Hace unos años me inicié en la lectura de Bell Hooks por recomendación de una persona a la que valoro. Su argumentación sobre el feminismo es que éste es para todo mundo, no exclusivo coto de mujeres que se sienten violentadas por la sociedad en la que viven. Con la igualdad al centro y con muchas voces que cuestionan esta visión, me parece cierto. Pensemos en un ámbito fundamental y donde la desigualdad es manifiesta: las tareas de cuidados.
Al inicio y al final de nuestra vida requerimos de apoyos para sobrevivir: cuidados básicos de alimentación, salud e higiene. En ocasiones esto sucede además por incapacidades momentáneas o permanentes en otro momento de la vida. Estas tareas se mantienen en su mayoría a cargo de mujeres, a quienes la falsa sensación de empoderamiento que viene únicamente del acceso al trabajo remunerado ha obligado a asumir doble jornada. El acceso a empleos remunerados no se ha visto acompañado ni por el incremento del trabajo de cuidados entre los hombres ni por estructuras estatales que garanticen cuidados mínimos cuando son requeridos.
Lo anterior plantea un dilema social estructural. A diferencia de lo que puede opinar el presidente del país, los abuelos no tienen condiciones para hacerse cargo de los nietos y más bien requieren apoyo y cuidado. Las mujeres que son madres requieren de su ingreso de manera constante y las guarderías son un bien escaso en el ámbito público. El dilema social, tanto para el mundo laboral como para el privado está en cómo atender las necesidades de quienes habitan estos extremos de la vida.

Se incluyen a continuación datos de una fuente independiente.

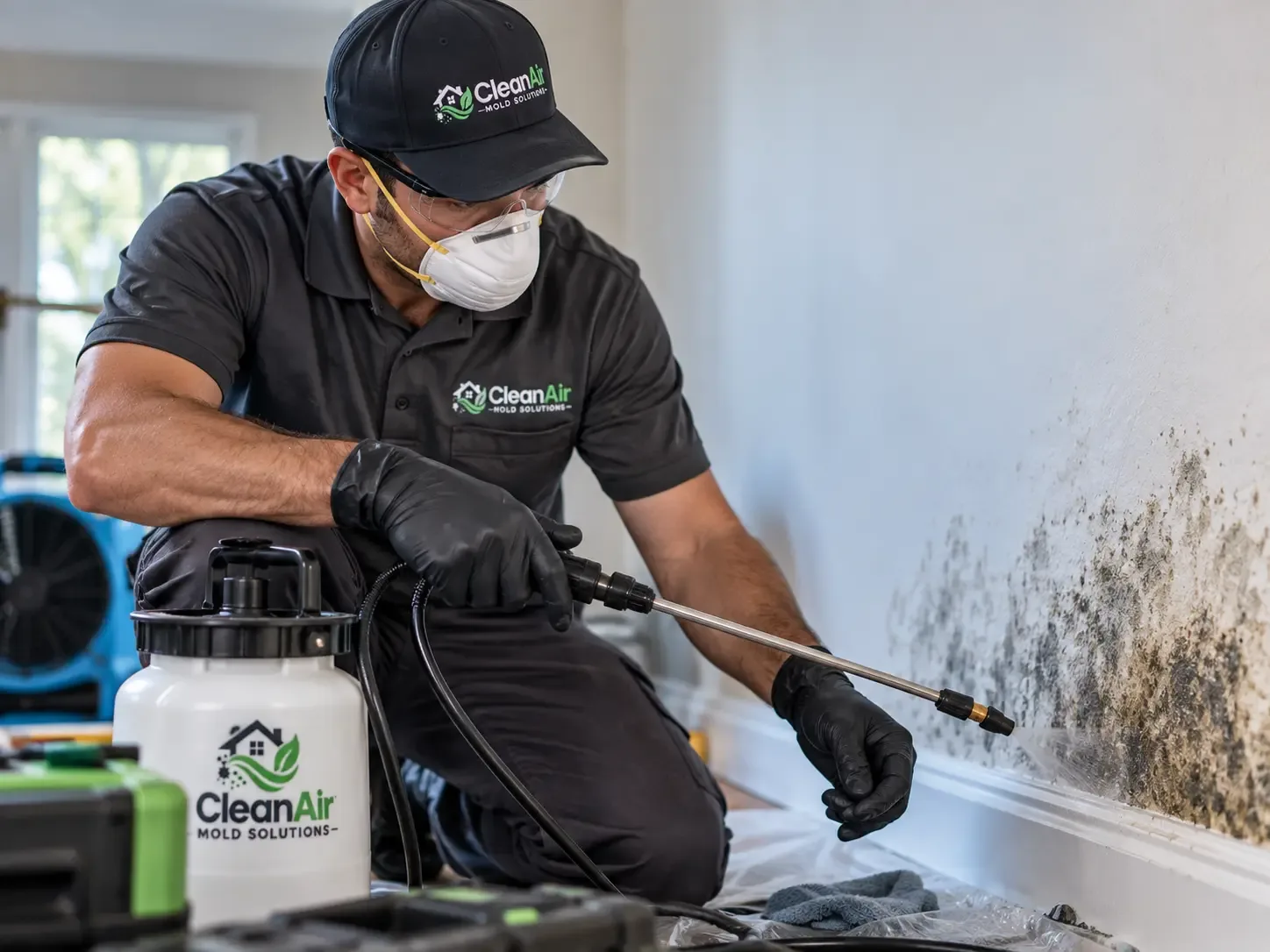 Why choose Mold Remediation in Cache, OK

El feminismo demanda equilibrar estas desigualdades estructurales que en muchos casos obligan a las madres y mujeres en general a hacer origami con su tiempo – y partirse en mil pedazos a la vez-, no siempre con los mejores resultados.

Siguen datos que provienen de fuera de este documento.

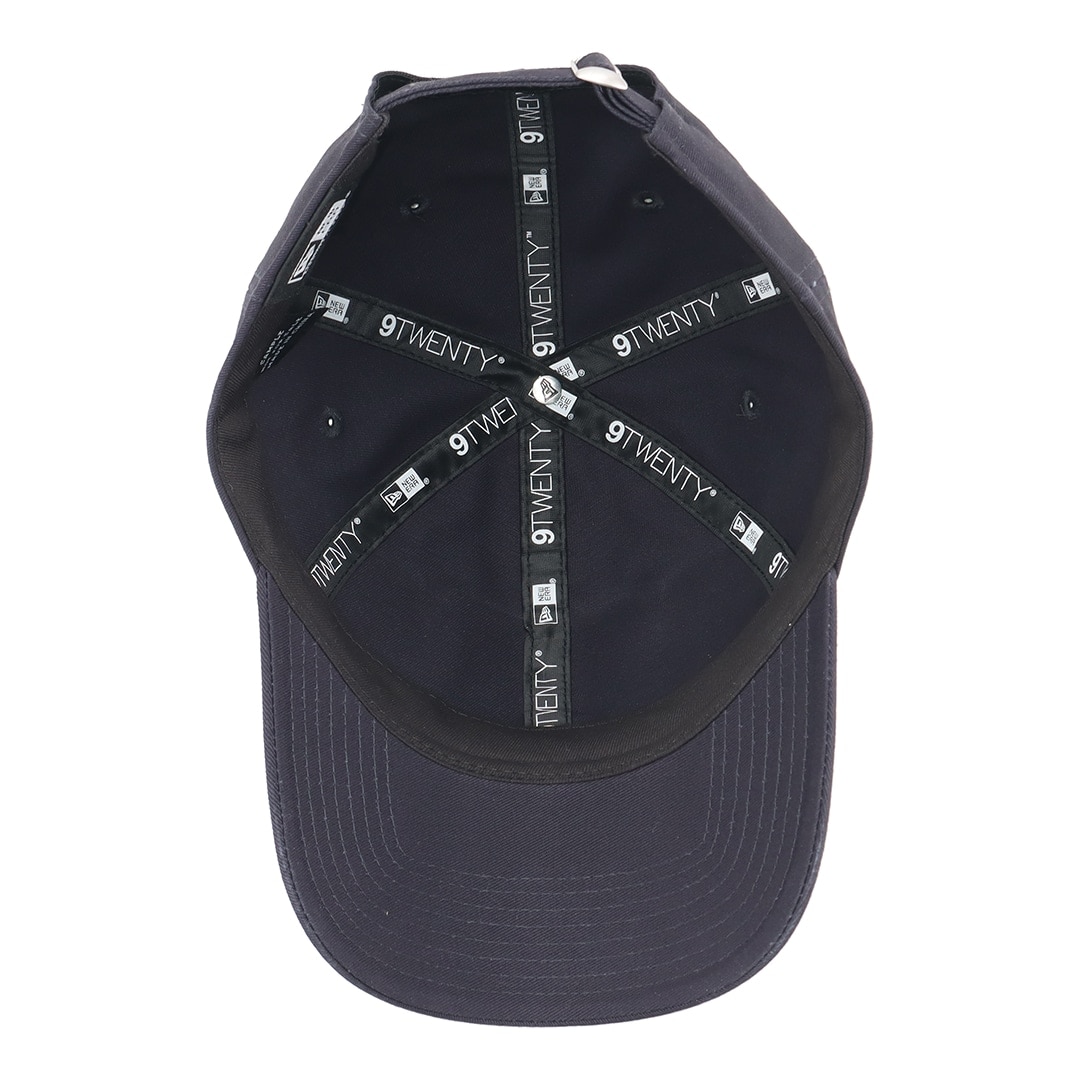 NEW ERA×LIONS 9TWENTY METAL LOGO NAVY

Una de las premisas básicas del feminismo es que se trata de vernos a todos como seres humanos: ni más ni menos. Con los mismos derechos y las mismas obligaciones (de facto y de iure), no solo en el papel. De afrontar como sociedad este tipo de dificultades, no como problemas exclusivos de las mujeres sino de seres humanos que viven en sociedad. ¿Qué consecuencias tiene esto? ¿Qué esperamos que suceda con generaciones de niños que son educados por terceros en el mejor de los casos, o solos en casa cuando no hay quién se haga cargo? ¿Qué implica el abandono de adultos mayores? Y más grave aún, ¿por qué como sociedad no nos preguntamos esto y se lo cargamos a las mujeres? ¿Bajo qué criterio debe un ser humano renunciar a sus propias necesidades para hacerse cargo de sus padres? Y en ese caso ¿cómo debería solventar sus gastos si esto se entiende como una obligación moral? La desigualdad se evidencia cuando la respuesta inmediata que viene a estas preguntas está vinculada a una mujer: la hija, la madre, la sobrina soltera, la tribu de mujeres cercanas.

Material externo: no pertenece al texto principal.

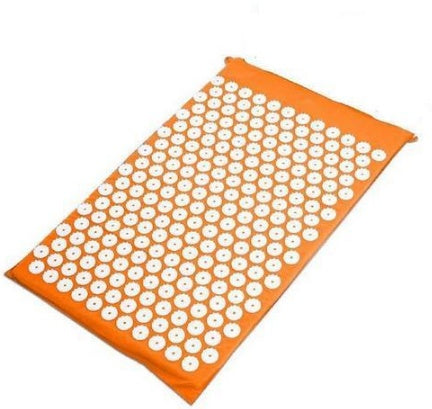 Acupuncture Yoga cushion and pillow with spikes, for pain relief therapy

El feminismo apela a un concepto de igualdad que nos permita vernos como seres humanos, con las cargas que tienen impacto en la vida diaria. Que nos demos cuenta de que las tareas del hogar y de cuidados son trabajos que permiten la jornada laboral remunerada; y que equilibrarlas es una búsqueda por la igualdad. El feminismo no es cosa de mujeres, es cosa de igualdad y aún más: de justicia social. Por eso es para todos.